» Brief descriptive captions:
# # # # # # #
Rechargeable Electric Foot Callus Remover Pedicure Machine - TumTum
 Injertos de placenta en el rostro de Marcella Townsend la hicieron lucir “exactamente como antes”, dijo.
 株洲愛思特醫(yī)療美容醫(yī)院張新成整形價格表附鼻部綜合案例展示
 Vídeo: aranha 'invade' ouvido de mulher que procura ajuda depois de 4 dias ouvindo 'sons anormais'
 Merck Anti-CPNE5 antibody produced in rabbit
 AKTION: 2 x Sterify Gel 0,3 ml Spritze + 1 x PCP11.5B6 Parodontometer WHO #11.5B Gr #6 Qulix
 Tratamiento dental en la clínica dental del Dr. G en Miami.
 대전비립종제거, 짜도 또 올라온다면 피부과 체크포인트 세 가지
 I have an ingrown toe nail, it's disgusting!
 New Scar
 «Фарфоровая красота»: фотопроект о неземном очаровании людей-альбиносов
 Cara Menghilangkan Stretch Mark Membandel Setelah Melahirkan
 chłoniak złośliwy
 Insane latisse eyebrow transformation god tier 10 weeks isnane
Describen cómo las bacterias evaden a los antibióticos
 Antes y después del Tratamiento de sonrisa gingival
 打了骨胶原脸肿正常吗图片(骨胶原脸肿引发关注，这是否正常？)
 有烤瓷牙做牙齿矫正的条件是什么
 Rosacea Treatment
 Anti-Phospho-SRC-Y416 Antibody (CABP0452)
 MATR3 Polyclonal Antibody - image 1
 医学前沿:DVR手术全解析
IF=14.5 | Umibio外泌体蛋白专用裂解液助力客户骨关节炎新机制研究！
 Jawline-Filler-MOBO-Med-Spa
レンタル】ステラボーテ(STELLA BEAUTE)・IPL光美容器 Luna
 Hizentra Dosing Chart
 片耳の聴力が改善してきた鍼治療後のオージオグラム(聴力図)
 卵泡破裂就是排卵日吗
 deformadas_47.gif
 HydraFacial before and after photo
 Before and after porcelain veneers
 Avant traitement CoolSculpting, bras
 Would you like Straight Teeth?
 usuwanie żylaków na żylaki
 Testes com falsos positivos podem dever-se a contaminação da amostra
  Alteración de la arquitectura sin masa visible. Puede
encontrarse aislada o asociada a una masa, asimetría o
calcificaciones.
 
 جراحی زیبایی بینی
# # # # # # #
» Assigned task:
From the records above, copy out the line with "Insane latisse eyebrow", the line with "masa visible. Puede", and every line between them, word for word.

» Task answer:
 Insane latisse eyebrow transformation god tier 10 weeks isnane
Describen cómo las bacterias evaden a los antibióticos
 Antes y después del Tratamiento de sonrisa gingival
 打了骨胶原脸肿正常吗图片(骨胶原脸肿引发关注，这是否正常？)
 有烤瓷牙做牙齿矫正的条件是什么
 Rosacea Treatment
 Anti-Phospho-SRC-Y416 Antibody (CABP0452)
 MATR3 Polyclonal Antibody - image 1
 医学前沿:DVR手术全解析
IF=14.5 | Umibio外泌体蛋白专用裂解液助力客户骨关节炎新机制研究！
 Jawline-Filler-MOBO-Med-Spa
レンタル】ステラボーテ(STELLA BEAUTE)・IPL光美容器 Luna
 Hizentra Dosing Chart
 片耳の聴力が改善してきた鍼治療後のオージオグラム(聴力図)
 卵泡破裂就是排卵日吗
 deformadas_47.gif
 HydraFacial before and after photo
 Before and after porcelain veneers
 Avant traitement CoolSculpting, bras
 Would you like Straight Teeth?
 usuwanie żylaków na żylaki
 Testes com falsos positivos podem dever-se a contaminação da amostra
  Alteración de la arquitectura sin masa visible. Puede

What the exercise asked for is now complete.